The gurus will be along shortly, sorry for your, and the families loss. That would be an insane first shop for you, you'll never get that oportunity again.


----------



## Nutfarmer (Feb 23, 2021)

My heart goes out to you. It's hard to close an estate of a family member. Pricing used machines can be difficult because prices will very from location to location. You might start to have an idea of prices of you check EBay on similar machines that sold in your region not just the asking price. I have purchased several pieces of equipment on Craigslist. Sometimes it's hard to deal with some of the people, but it's easier  to sell heavy equipment locally because shipping costs are a deal breaker . Good luck.


----------



## mmcmdl (Feb 24, 2021)

jeffhester said:


> hese are the bigger items:
> 
> Clausing 12" Lathe Model 5913
> Clausing Vertical Mill Model 8530
> ...


If enough people are interested , I'll buy the entire place . I have cash on hand . You have my cell number below and I'm close . Dave If I'm sleeping leave a message as I work nightshift , or call at night !


----------



## Aukai (Feb 24, 2021)

You better be moving some stuff at your house. Jeff, may I introduce one of the gurus.....Very good person to deal with.


----------



## jeffhester (Feb 24, 2021)

Thanks all. I've put together a list of the machines in the shop, which includes the machines listed above, plus some woodworking machines, two 3D printers, two CNC machines, an electric kiln and a variety of tools and accessories. I still have additional photos to add, but it gives you some idea.

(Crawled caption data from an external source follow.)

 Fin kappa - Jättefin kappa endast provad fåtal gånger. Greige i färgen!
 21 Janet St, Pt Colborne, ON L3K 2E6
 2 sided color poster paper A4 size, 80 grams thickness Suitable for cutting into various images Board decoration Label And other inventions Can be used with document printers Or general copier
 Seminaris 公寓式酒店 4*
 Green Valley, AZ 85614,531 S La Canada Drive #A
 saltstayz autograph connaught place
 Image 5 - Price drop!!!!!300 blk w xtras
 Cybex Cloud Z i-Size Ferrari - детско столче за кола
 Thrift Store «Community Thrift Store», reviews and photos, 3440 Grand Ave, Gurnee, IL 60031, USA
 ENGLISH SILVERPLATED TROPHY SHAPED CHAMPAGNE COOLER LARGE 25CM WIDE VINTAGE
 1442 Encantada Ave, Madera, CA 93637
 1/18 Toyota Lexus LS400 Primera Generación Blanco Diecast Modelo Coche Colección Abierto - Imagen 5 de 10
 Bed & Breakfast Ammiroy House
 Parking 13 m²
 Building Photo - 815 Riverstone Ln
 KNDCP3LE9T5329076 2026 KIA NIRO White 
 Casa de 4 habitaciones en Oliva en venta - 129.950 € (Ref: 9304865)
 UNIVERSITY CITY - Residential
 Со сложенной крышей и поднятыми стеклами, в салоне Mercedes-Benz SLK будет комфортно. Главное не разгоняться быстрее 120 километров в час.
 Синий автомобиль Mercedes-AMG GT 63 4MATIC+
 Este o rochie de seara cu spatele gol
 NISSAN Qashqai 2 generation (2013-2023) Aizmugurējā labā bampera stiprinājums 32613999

I'm created it because while it would be great to find someone local to buy the entire lot, I'd want you to have a better idea of what that includes.

*EDIT: I can't share a direct link here yet because I'm new to the forum, but if you go to jeffhester-dot-net you'll see a post. *


----------



## mmcmdl (Feb 24, 2021)

Biggest issue is if the machines are accessable Jeff . If they are located in a basement and rigging is involved , that's a downer . Where is this stuff located ?


----------



## jeffhester (Feb 24, 2021)

mmcmdl said:


> Biggest issue is if the machines are accessable Jeff . If they are located in a basement and rigging is involved , that's a downer . Where is this stuff located ?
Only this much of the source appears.